Recorded data =

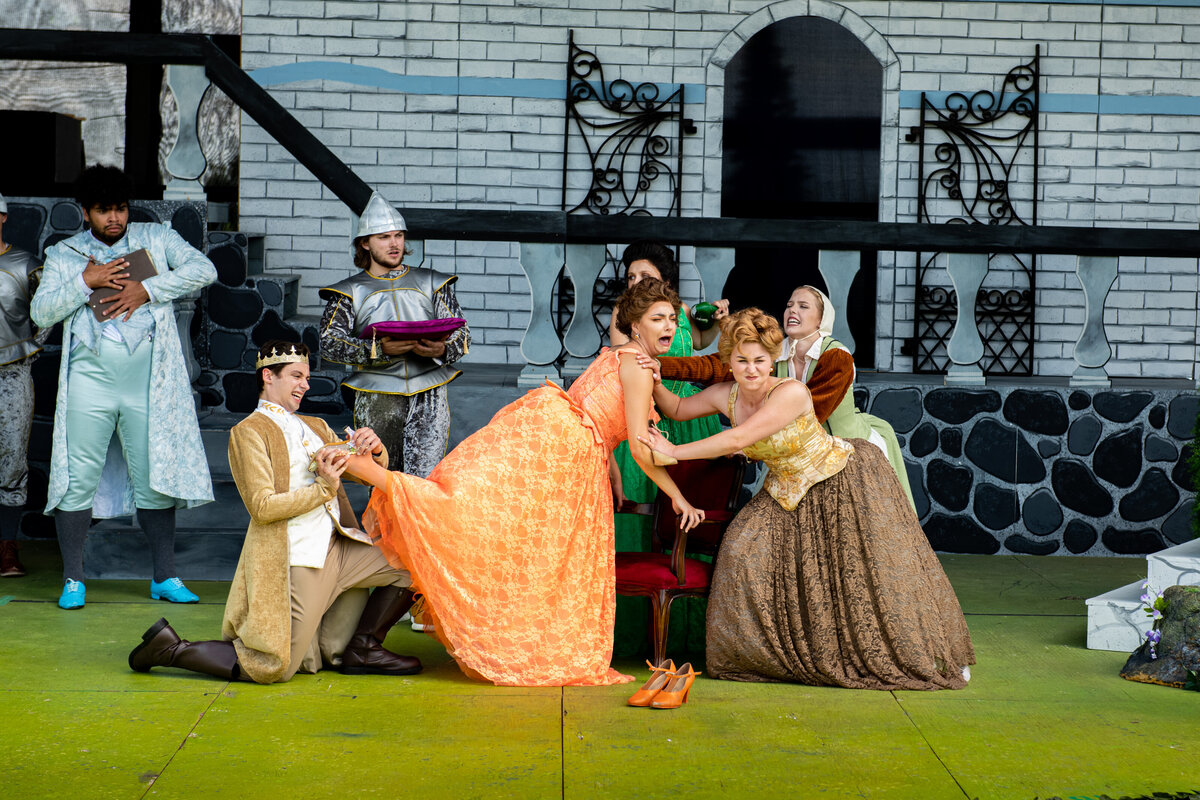 CinderellaPhotoCall-116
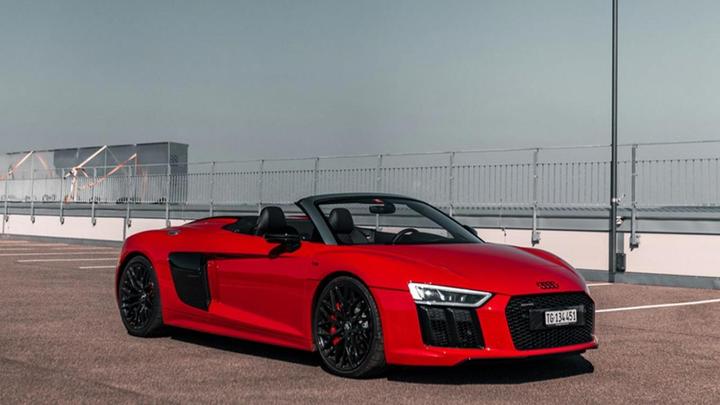 12 ore di noleggio Audi R8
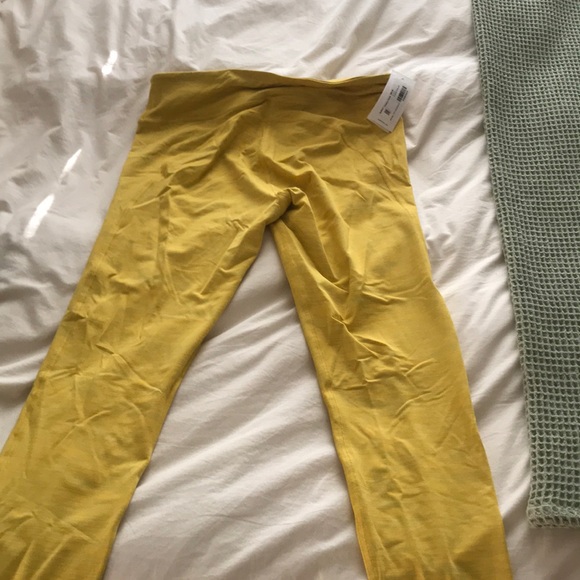 Outdoor Voices Techsweat flex in yellow - Picture 4 of 4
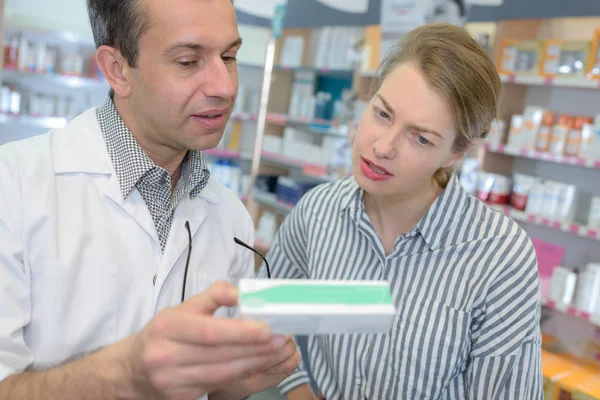 Cliente de asesoramiento farmacéutico femenino amigable sobre la dosis de medicamentos — Foto de Stock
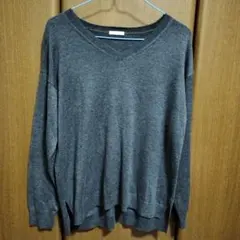 ダークグレー Vネック ニット Lサイズ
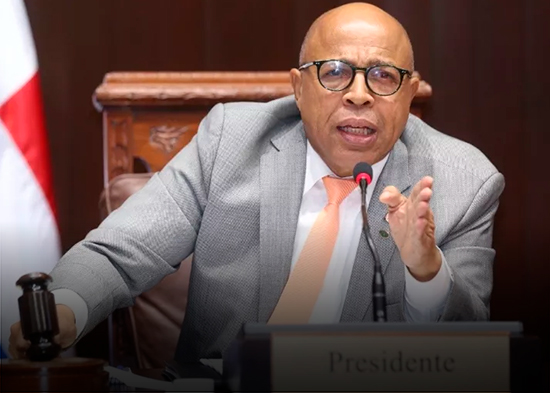 Incendio afecta despacho del presidente de la Cámara de Diputados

Assignment = When you transcribe the entries, reproduce each line exactly and skip any picture.

Reply =
 CinderellaPhotoCall-116
 12 ore di noleggio Audi R8
 Outdoor Voices Techsweat flex in yellow - Picture 4 of 4
 Cliente de asesoramiento farmacéutico femenino amigable sobre la dosis de medicamentos — Foto de Stock
 ダークグレー Vネック ニット Lサイズ
 Incendio afecta despacho del presidente de la Cámara de Diputados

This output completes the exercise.